May 29, 2024

It’s Here: “Arrival” Exceeds Expectations

Ian Donnelly (Jeremy Renner) Courtesy of Vimeo

By: Billy Jepma ’18

Staff Writer

Arrival is one of those rare movies that strikes a perfect balance between social relevance, an independent story and flawless filmmaking. It is a masterclass in science fiction, representing some of the very best that the genre has to offer and will likely go down as one of 2016’s defining films.

Directed by Denis Villeneuve, Arrival is a story about aliens, but it is also a story about communication, understanding and acceptance. Without going into any plot specifics––as the story is best experienced with as little information as possible––the film grapples with themes that not only come across as strikingly relevant for our country today, but also manages to say a lot without ever falling into bland exposition monologues.
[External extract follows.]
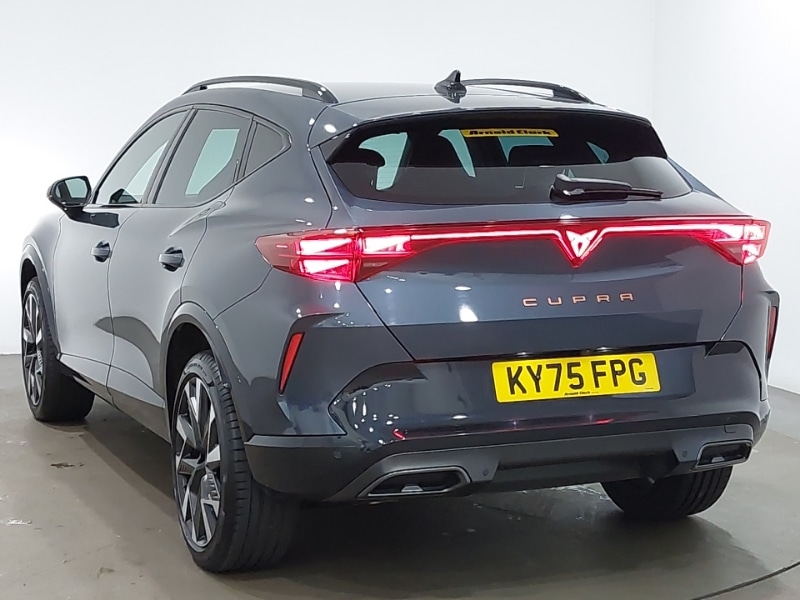 Used Cupra Formentor 2025 for sale - 77767599: Photo 3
This is primarily due to a tightly paced script by Eric Heisserer and a stunning cast to back it up. The plot seems to take its time in setting up, but it is all for show, as Heisserer’s script manipulates the audience into a false sense of comfortable and familiarity before pulling the rug out from beneath them. Yet, the plot twists never come across as hackneyed or uncalled for, but rather feels like the sudden epiphany experienced upon finally figuring out a complex puzzle.

The cast, while sparse, are phenomenal, and manage to extract a lot of depth from the open-ended material they are given to work with. Amy Adams and Jeremy Renner star as two scientists challenged with an impossible task, a premise seen many times before, and yet they manage to seamlessly avoid cliches with their portrayals and never for a second come across as generic.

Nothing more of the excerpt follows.